Дальнейшая жизнь, после путешествия
по Европе - это жизнь без собственной
семьи и своего дома - у гостеприимных
друзей и непрерывный труд.Чаадаев,
вернувшийся из Западной Европы, «застал
в России, как замечал Герцен, другое общество
и другой тон. Как молод я ни был, но я помню,
как наглядно высшее общество пало и стало
грязнее, раболепнее с воцарением Николая».
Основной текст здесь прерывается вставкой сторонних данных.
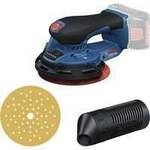 Akku-Exzenterschleifer GEX 18V-150-3 Professional solo, 18Volt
Духовной основой этого эфемерного
грандиозного здания всеобщего
умиротворения явилось суждение
шефа жандармов Бенкендорфа: «Прошедшее
России было удивительно, ее настоящее
более чем великолепно, что же касается
его будущего, то оно выше всего, что только
может представить себе самое смелое воображение:
вот, мой друг, точка зрения, с которой
русская история должна быть рассматриваема
и писана».
Шеф жандармов предписывал всем
историкам и литераторам, как
нужно изображать историю, а ведомство,
ему подчиненное, уже следило
за тем, чтобы это предписание
не нарушалось ни в одной
книге, статье, пьесе.И вот этой-то официальной
картине мира и был брошен вызов в «Философическом
письме» Чаадаева. Точно и образно о нем
сказал Александр Герцен: «Письмо Чаадаева
было своего рода последнее слово, рубеж.
Это был выстрел, раздавшийся в темную
ночь, тонуло ли что и возвещало свою гибель,
был ли это сигнал, зов на помощь, весть
об утре или о том, что его не будет, - все
равно надобно было проснуться».
2. ЧААДАЕВ О ИСТОРИЧЕСКОЙ СУДЬБЕ
РОССИИ.
Одним из первых, если не первым
в России, Петр Чаадаев подошел
к оценке места России в
мире, ее настоящего и будущего
не с узких, местнических, а с
позиций глобальных, всемирных.
Раскинувшись между двух великих
делений мира, писал он, между
Востоком и Западом, опираясь
одним концом на Китай, другим
на Германию, мы должны бы были
сочетать в себе два великих
начала духовной природы - воображение
и разум и объединить в нашей
цивилизации историю всего земного
шара.
Но все это в возможности, в
потенции, все в скрытом состоянии
и не реализовано до конца.
Реальность же такова, с болью
и горечью говорит мыслитель,
что «мы никогда не шли об
руку с прочими народами, мы
не принадлежим ни к Западу,
ни к Востоку иу нас нет традиций
ни того, ни другого». Чаадаев говорит
о вневременности России, т. е. о том, что,
«стоя как бы вне времени, мы не были затронуты
всемирным воспитанием человеческого
рода». Россия как бы предоставлена сама
себе, она выключена из общемирового исторического
процесса. Провидение, говорит мыслитель,
как будто совсем не занималось нашей
судьбой, предоставило нас всецело самим
себе.
Одним из первых в мировой
философии - задолго до создания
теории относительности - русский
философ понял, что время - это
не чистая пустая длительность,
одинаковая для всех. Нет, историческое
время течет по-разному в разных
условиях. «Все времена мы создаем
себе сами», - писал Петр Чаадаев.
То есть оно, это время, зависит
от нашей человеческой деятельности.
Время может лететь и может
тянуться. Это проникновение в
сущность исторического времени
и позволило Чаадаеву поставить
невыносимо горький диагноз родной
своей стране. Мы так странно
движемся во времени, заключает
Чаадаев, что по мере движения
вперед пережитое пропадает для
нас безвозвратно... Мы живем лишь
в самом ограниченном настоящем,
без прошедшего и будущего, среди
плоского застоя... Какой точный
и беспощадный диагноз! Разве
мы не пытались после Октября
семнадцатого года забыть прошлое,
отринуть российскую историю
как «проклятое прошлое»? Этот
урок не пошел впрок. И разве
после августа девяносто первого
не пытаемся снова забыть прошлое - все
семьдесят пять лет послеоктябрьского
существования? В этом беспамятстве есть
что-то ущербное, какая-то недоразвитость.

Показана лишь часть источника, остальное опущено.